I come across some weird behavior, though, when the x and y coordinates of the grid points have different scales.
I wonder if this could be easily fixed by having a normalization step before constructing the interpolant, which would scale the given points to an e.g. unit box (then, when the interpolant is called, the coordinates used for the new interpolated data can be transformed with the same normalization)?
An example of the current problem below, and let me know if I've missed something obvious in the docs that solves this 😅
using NaturalNeighbours
using CairoMakie
N = 50
f = (xy) -> sinc(sqrt((xy[1])^2 + (xy[2] * N)^2) .+ 0.1 * randn())
x = Float64.(-6:0.1:6)
y = Float64.((-6:0.1:6) ./ N)
xy = Iterators.product(x, y)
z = f.(xy)
itp = interpolate(first.(xy)[:], last.(xy)[:], z[:])

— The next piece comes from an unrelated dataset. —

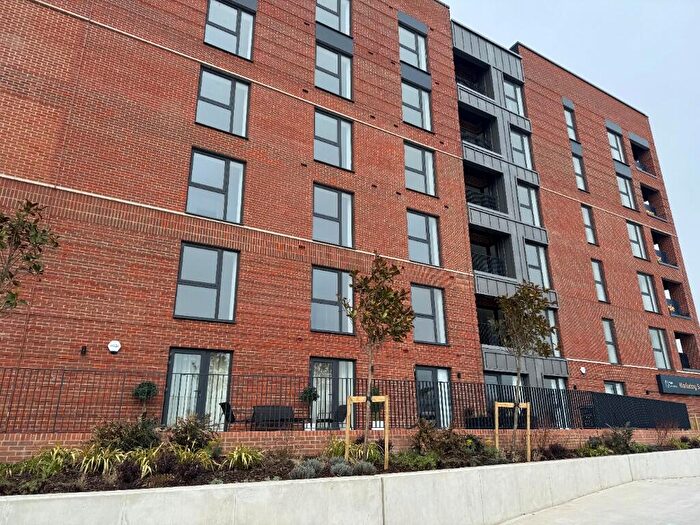 2 Bedroom Flat To Rent In Brighton Road, Shoreham-By-Sea, West Sussex, BN43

_x = range(-6, 6, length=100)
_y = range(-6 / N, 6 / N, length=100)
_xy = Iterators.product(_x, _y)
_z = itp(first.(_xy)[:], last.(_xy)[:])
Z = reshape(_z, length.([_x, _y])...)
f = Figure(size=(600, 300))
ax = Axis(f[1, 1]; title="Input")
p = heatmap!(ax, x, y, z)
ax1 = Axis(f[1, 2]; title="Output")
heatmap!(ax1, _x, _y, Z)
display(f)